##### Information supplied

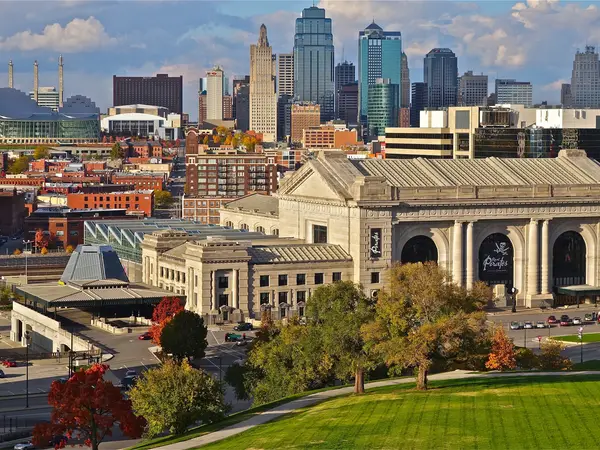 Union Station in Kansas City with the downtown skyline behind it, seen from Liberty Memorial on an autumn afternoon.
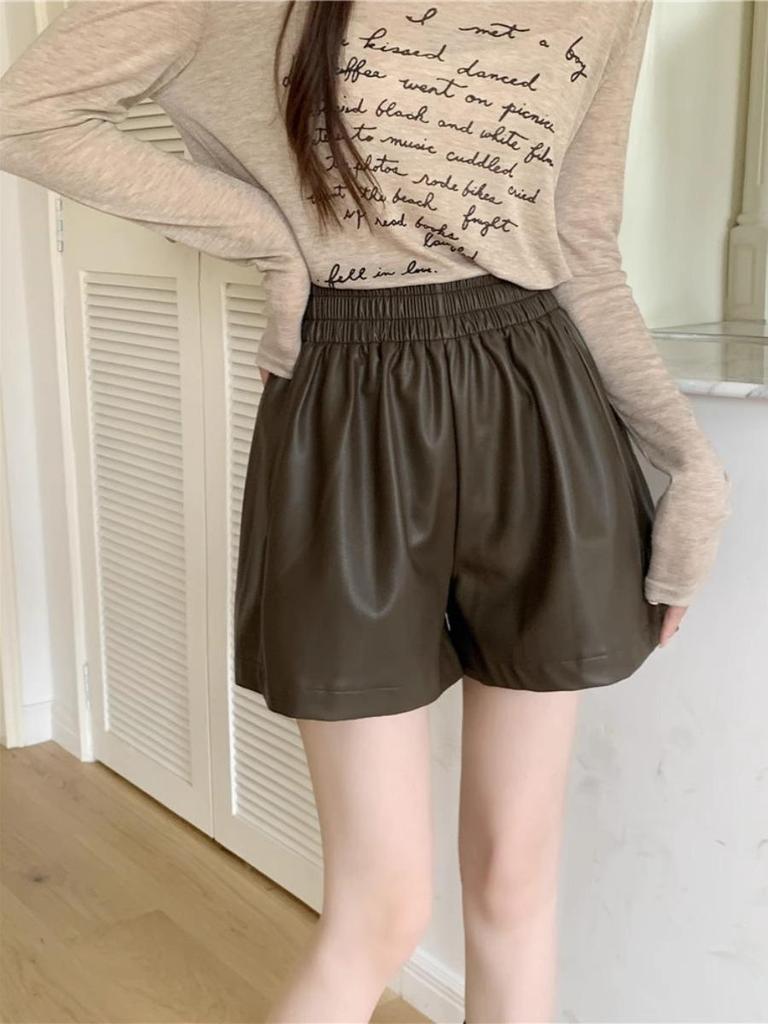 Women's PU Leather High-Waist Slimming Wide-Leg Shorts - 2025 Autumn/Winter Fashion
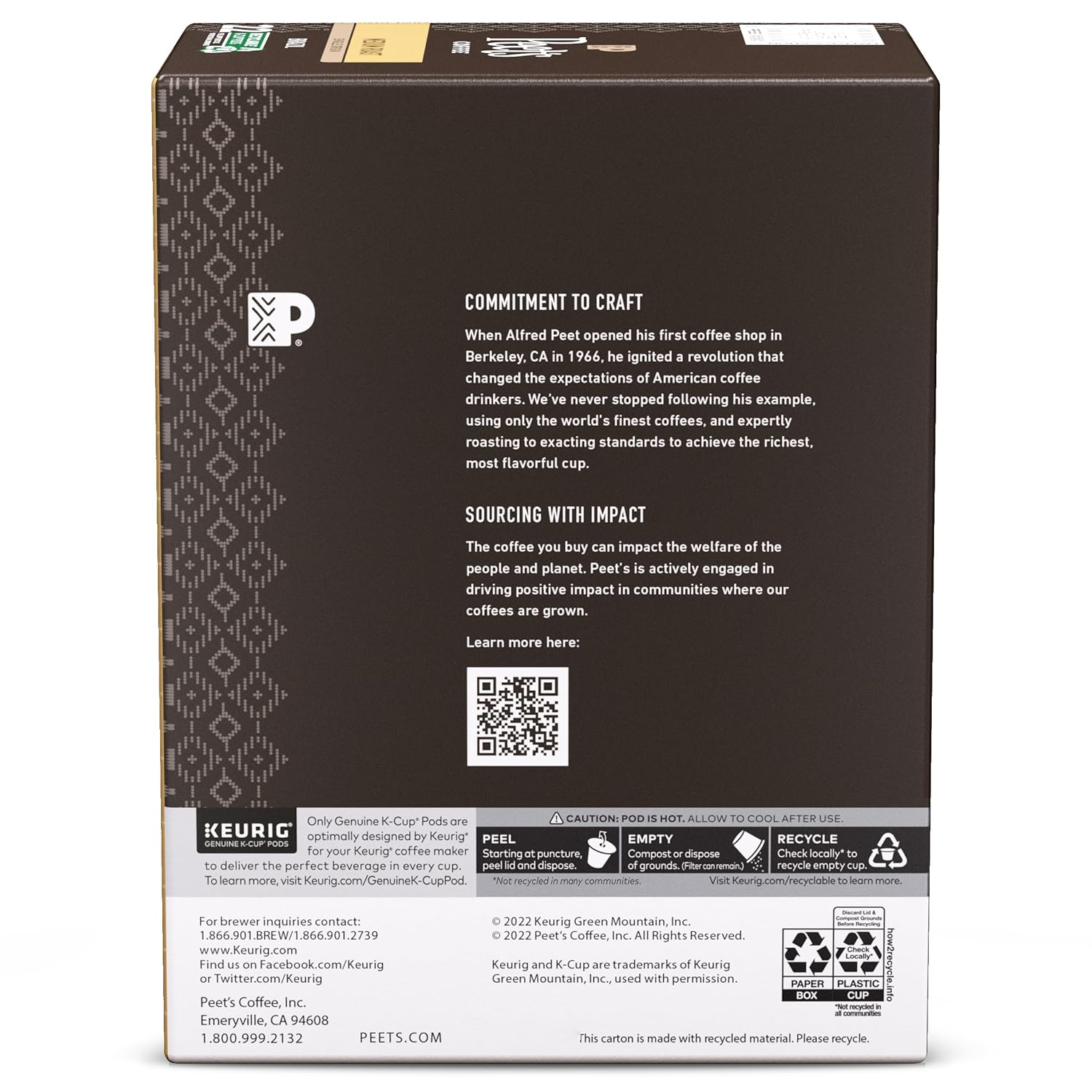 Peet's Coffee Medium Roast K-Cup Pods - 100% Arabica Single Origin Brazil, 88 Count (4 Boxes)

##########

→ **What is being asked**:
The listing above must be repeated exactly, apart from the pictures.

→ **Solution for this task**:
 Union Station in Kansas City with the downtown skyline behind it, seen from Liberty Memorial on an autumn afternoon.
 Women's PU Leather High-Waist Slimming Wide-Leg Shorts - 2025 Autumn/Winter Fashion
 Peet's Coffee Medium Roast K-Cup Pods - 100% Arabica Single Origin Brazil, 88 Count (4 Boxes)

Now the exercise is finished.